Le génie de Jean Paul II se trouve dans sa philosophie. Le personnalisme voit en la personne humaine quelque chose d’objectif, une fin en soi. Il met la personne humaine dans un domaine métaphysique. Jean-Paul II prend appui sur la philosophie thomiste mais récupère la partie plus intimiste de la conscience (Sheller). Il remet ensemble à la fois le côté objectif mais tient compte des émotions. Il y a quelque chose d’objectif dans ce que ressent l’homme : Jean-Paul II part du sujet lui aussi. Il y a dans la nature humaine une objectivité mais aussi l’expérience de la conscience qui est libre.
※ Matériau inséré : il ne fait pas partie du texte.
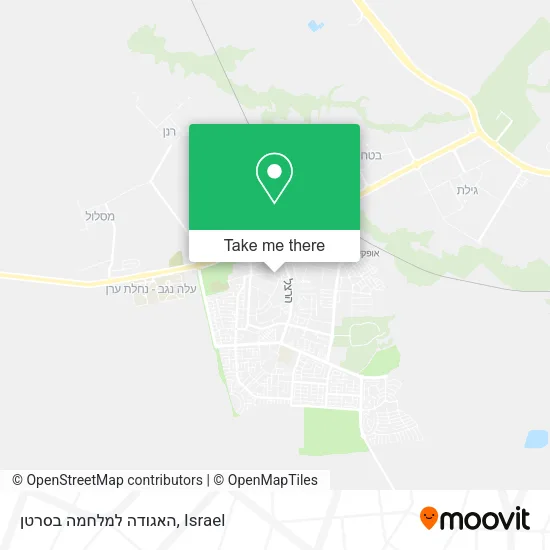 Карта האגודה למלחמה בסרטן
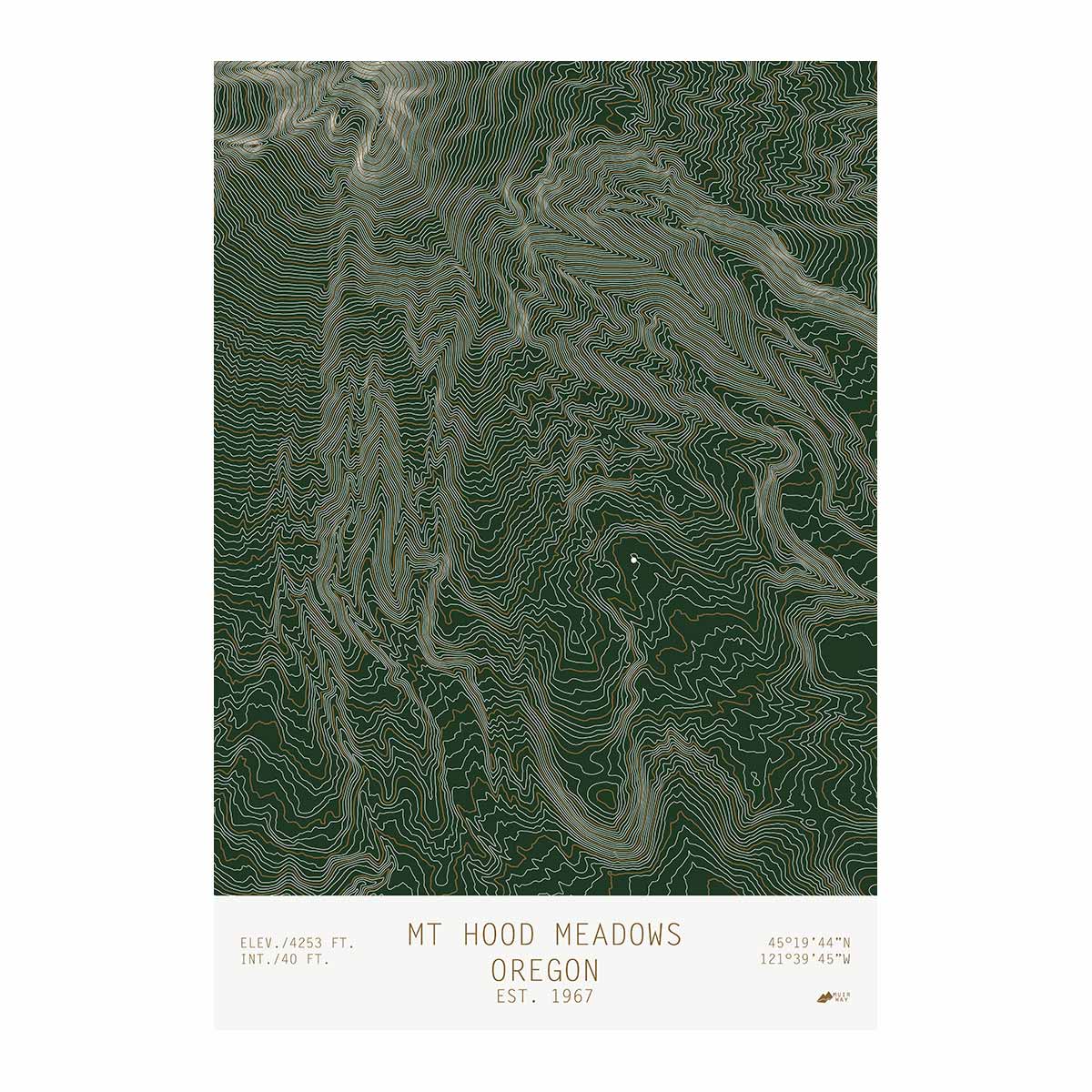 Mount Hood Meadows, Oregon - No Frame - North Drinkware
On arrive par ce raisonnement à la question de la liberté religieuse qui vient de la liberté de conscience : c’est l’expérience interne. Avec Jean-Paul II on a acceptation d’une donnée réelle mais prise en compte de l’être intime.
La personne humaine ne peut jamais être instrumentalisée… Elle acquiert une dignité (cf. prière à Assise : prier ensemble pour la paix). Tout ne se vaut pas mais dans chaque homme il y a un désir d’absolu qui permet de prier ensemble. Il y a de l’objectivité dans la liberté de conscience (cf. signes religieux, homophobie…). La normalité n’est plus du tout acceptable. Jean-Paul II écrit
Si nous voulons parler de manière sensée du Bien et du Mal nous devons revenir à Saint Thomas d’Aquin, c’est-à-dire, à la philosophie de l’être…On ne peut cependant oublier que toutes ces analyses présupposent implicitement la réalité de l’être-homme, à savoir qu’il existe un être créé, et aussi un être absolu. Si on ne part pas de tels présupposés « réalistes » on finit par se mouvoir dans le vide."
L’intelligence ne peut pas être à elle-même sa propre source.
Le Bien est ce qui est, et le mal, la privation du Bien.